### Records provided
**********
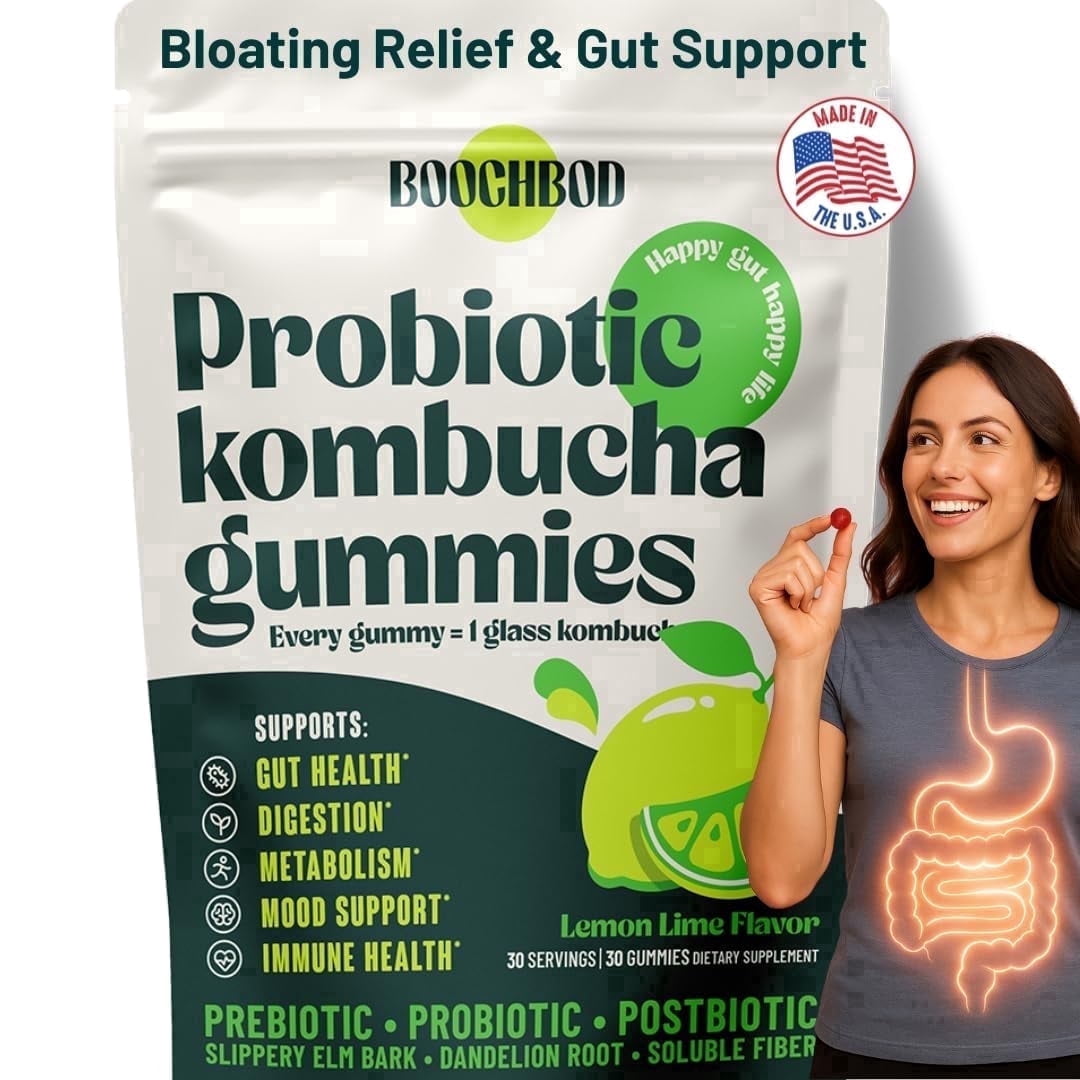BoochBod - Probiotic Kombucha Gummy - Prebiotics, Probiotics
**********
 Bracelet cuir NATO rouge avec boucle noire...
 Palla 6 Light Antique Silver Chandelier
**********
### What is expected
For the listing above, print only the lines starting at the line containing "Bracelet cuir NATO" and ending at the line containing "Palla 6 Light Antique Silver Chandelier", exactly, both included.

### Written reply
 Bracelet cuir NATO rouge avec boucle noire...
 Palla 6 Light Antique Silver Chandelier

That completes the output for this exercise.